Comet streaking past Earth, providing spectacular show - dnetesn
https://phys.org/news/2020-07-comet-streaking-earth-spectacular.html
======
EamonnMR
This article has instructions for observing it:
[https://skyandtelescope.org/press-releases/new-bright-
visito...](https://skyandtelescope.org/press-releases/new-bright-visitor-
comet-neowise/)

------
nabilhat
NEOWISE has been lining up with outbreaks of noctilucent clouds [0] as well
for fortunate observers! With its position moving to be visible in the evening
rather than before the crack of dawn it'll be a lot easier to look for soon
for most of us. Seeing Hale-Bopp is one of the two most memorable astronomical
phenomenon I've witnessed - It's on par with randomly seeing an exploding
fireball while taking out the trash. This one's no Hale-Bopp but I would argue
any naked eye comet is stunning and memorable. Don't pass this one up if you
can help it.

[0]
[https://en.wikipedia.org/wiki/Noctilucent_cloud](https://en.wikipedia.org/wiki/Noctilucent_cloud)

Also, tons of photos:

[https://spaceweathergallery.com/index.php?title=neowise](https://spaceweathergallery.com/index.php?title=neowise)

------
js2
Here’s a really nice picture of Comet C/2020 F3 (NEOWISE) from the RDU airport
parking deck.

[https://imgur.com/njJvFwc](https://imgur.com/njJvFwc)

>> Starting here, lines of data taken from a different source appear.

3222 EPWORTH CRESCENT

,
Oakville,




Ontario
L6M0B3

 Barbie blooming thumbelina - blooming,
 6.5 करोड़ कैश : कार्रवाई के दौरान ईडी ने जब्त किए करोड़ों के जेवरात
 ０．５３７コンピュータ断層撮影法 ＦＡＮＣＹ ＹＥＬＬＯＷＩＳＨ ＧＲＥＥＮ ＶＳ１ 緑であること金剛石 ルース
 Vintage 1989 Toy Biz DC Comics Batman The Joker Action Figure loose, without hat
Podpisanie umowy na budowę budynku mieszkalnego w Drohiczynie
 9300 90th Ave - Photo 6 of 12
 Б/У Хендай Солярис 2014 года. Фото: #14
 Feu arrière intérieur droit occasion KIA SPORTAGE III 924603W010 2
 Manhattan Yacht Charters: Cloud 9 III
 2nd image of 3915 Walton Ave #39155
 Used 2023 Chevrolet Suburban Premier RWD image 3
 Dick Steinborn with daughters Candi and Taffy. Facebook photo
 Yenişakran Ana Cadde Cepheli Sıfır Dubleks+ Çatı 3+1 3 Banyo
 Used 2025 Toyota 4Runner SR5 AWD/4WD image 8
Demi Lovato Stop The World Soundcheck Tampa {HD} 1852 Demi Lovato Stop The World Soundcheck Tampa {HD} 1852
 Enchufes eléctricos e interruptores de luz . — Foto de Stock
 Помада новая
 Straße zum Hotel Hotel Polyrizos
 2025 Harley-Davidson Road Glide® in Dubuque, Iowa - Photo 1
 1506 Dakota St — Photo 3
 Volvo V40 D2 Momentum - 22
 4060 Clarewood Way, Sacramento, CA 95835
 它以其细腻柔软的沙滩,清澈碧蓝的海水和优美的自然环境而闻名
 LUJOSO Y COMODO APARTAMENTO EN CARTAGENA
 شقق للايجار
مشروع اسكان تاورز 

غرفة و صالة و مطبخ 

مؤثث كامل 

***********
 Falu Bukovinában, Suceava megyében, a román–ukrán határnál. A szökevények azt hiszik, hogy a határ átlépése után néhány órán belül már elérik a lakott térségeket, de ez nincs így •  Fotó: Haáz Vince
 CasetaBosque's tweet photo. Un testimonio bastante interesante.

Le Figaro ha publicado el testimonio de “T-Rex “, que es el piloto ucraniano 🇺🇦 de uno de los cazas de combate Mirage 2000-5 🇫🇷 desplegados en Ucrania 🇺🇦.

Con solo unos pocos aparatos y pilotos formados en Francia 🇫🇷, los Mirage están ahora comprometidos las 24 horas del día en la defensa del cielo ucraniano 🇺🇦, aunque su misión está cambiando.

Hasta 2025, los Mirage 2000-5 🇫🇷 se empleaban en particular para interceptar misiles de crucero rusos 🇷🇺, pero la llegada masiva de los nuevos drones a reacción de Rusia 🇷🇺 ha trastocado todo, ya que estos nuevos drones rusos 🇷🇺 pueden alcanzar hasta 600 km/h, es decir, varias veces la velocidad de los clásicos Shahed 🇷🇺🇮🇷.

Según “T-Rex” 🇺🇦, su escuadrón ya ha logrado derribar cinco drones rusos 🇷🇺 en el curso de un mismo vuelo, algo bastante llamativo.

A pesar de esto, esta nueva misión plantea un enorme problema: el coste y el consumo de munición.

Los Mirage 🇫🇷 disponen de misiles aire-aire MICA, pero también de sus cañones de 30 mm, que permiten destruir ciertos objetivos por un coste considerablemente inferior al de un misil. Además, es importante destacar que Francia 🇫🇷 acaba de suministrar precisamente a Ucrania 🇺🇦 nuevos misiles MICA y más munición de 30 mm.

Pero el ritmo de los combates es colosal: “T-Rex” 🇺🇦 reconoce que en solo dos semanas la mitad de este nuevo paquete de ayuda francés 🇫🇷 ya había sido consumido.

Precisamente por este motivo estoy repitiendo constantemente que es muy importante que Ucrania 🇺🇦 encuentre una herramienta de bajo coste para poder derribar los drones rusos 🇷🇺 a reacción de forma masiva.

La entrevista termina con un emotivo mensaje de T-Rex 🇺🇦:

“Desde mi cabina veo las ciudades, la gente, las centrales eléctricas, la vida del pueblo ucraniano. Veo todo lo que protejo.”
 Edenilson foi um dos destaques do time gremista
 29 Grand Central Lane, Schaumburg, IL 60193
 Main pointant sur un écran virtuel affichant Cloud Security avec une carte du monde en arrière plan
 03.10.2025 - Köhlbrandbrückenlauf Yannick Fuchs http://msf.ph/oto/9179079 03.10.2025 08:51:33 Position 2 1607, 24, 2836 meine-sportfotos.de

Taken at 4:50 am on July 10th by reddit user enlightened_prince (not me).

6 second exposure using a 100mm lens. Not sure of the camera.

[https://old.reddit.com/r/raleigh/comments/hon6ee/comet_neowi...](https://old.reddit.com/r/raleigh/comments/hon6ee/comet_neowise_from_rdu/)

------
fnord77
> The year after the Great Comet of 1618, for example, Gotthard Arthusius
> published a pamphlet stating that it was a sign that the Day of Judgment was
> near.[136] He listed ten pages of comet-related disasters, including
> "earthquakes, floods, changes in river courses, hail storms, hot and dry
> weather, poor harvests, epidemics, war and treason and high prices". ...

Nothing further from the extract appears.